As one of the most valuable resources in the tech age, it’s critical for companies to have a tight process for solving data problems while handling ever-increasing volumes of information. According to projections from statistical data provider Statista, global data creation is projected to grow to more than 180 zettabytes by 2025.
But in the early stages of a product’s or firm’s development, it may be hard to predict future needs for information access and storage while creating clearly defined steps for solving data problems in the present. How can a company future-proof its data science workflow?
“In the early stages of building a data product, when you have less certainty about future needs, you want to keep things simple, modular and flexible,” said Pamela Wu, a senior data scientist at business directory data company Enigma.
Wu recognizes that as the company grows, its workflow will evolve and that focusing on testing now will pay dividends later.
Built In NYC caught up with Wu for more insights into building data science workflows for an evolving company.
Tell us a bit about your technical process for building data science workflows. What are some of your favorite tools?
Databricks — via Apache Spark — has been a great fit for us because it’s general purpose and versatile. We’re constantly expanding our product and use Databricks notebooks to do exploratory analysis with rich visualizations. We can hook a notebook up to a job cluster that runs validation on a schedule, or even iterate on a production job with small data, and then hook it up to a job cluster that we trigger whenever we need to change the inputs. Notebooks can be versioned with Git alongside their corresponding Python script file, allowing us to code review the notebook source code.
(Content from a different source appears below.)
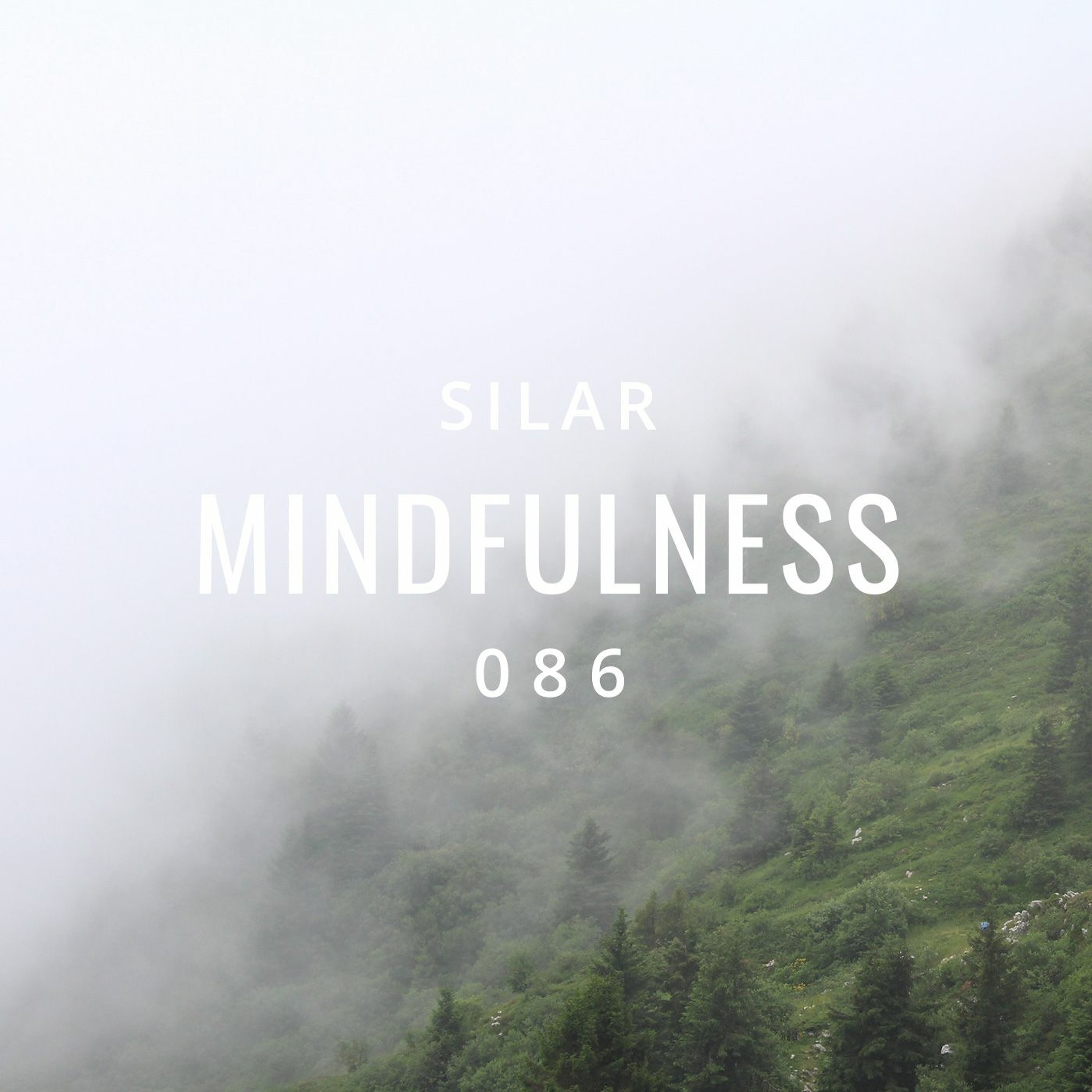 Mindfulness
I expect this answer will be very different in a year, as Enigma continues to grow. We’re currently exploring a platform specialized for data labeling that can help us manage the training data we’ve created and all of the validation labels we’ve accumulated.
What processes or best practices have you found most effective in creating workflows that are reproducible and stable?
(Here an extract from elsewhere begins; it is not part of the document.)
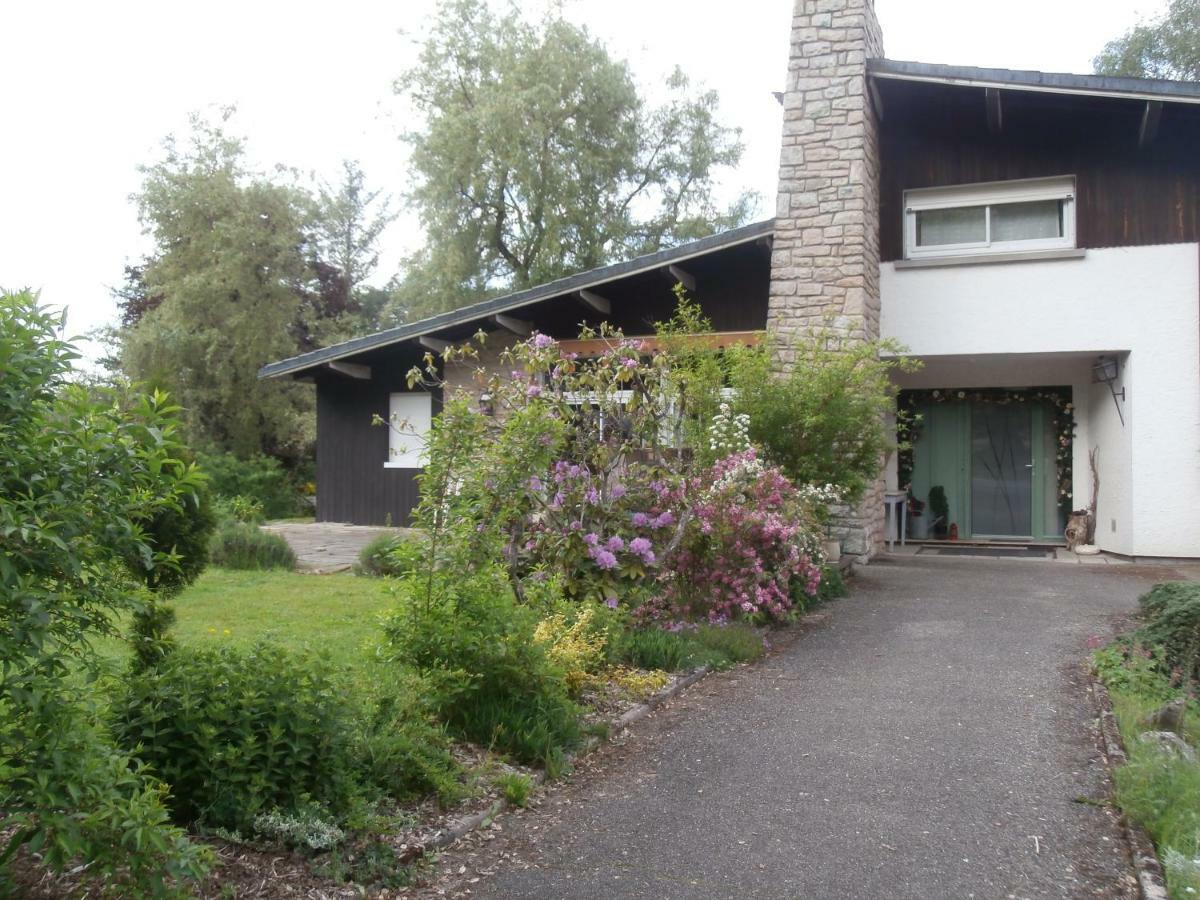 L'Échappée belle à l'Étang d'Anty -appartement Saint-Nabord Exterior foto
For stability, testing is paramount. And I mean all flavors of testing: unit testing, integration testing, end-to-end testing. This may seem obvious, but it can be hard for a data scientist to stomach the fact that the amount of time they estimated for completing a task has to be doubled to include writing tests that cover the whole range of expected behavior.
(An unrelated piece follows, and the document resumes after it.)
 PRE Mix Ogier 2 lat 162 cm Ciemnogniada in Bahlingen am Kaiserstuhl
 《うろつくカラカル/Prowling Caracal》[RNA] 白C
There are a lot of great guides out there on best practices for testing. The principle I find most relevant for data scientists, who write a lot of tests on number and string transformations, is to use numbers and values you can reason out in less than five seconds. Data scientists should be writing tests that they could run in their own heads only slightly slower than the testing framework could. Also, try to hack yourself and make your logic fail — but only one hack per test, please.
Try to hack yourself and make your logic fail — but only one hack per test, please.”
What advice do you have for other data scientists looking to improve how they build workflows?
Make sure that your workflow meets your company’s particular needs. For example, Enigma is a data company and our work directly impacts company revenues. For this reason, validation is a crucial part of our data science workflow.
We strive to be customer-obsessed and validate our models based on what customers are seeing, as opposed to baseline distribution. We’ve also spent a lot of time figuring out how to make our validation repeatable and to validate as close to the end of our pipeline as possible. Before we put anything into production we look at the absolute end of the line to make sure we’re seeing it through the eyes of our customer.
It’s also important to invest in clear product documentation on key data science decisions. In the absence of firm product guidelines, decisions will be made ad hoc and lead to internal contradictions. Efficiency begins with stringent guidelines that are documented and rooted in customer investigation.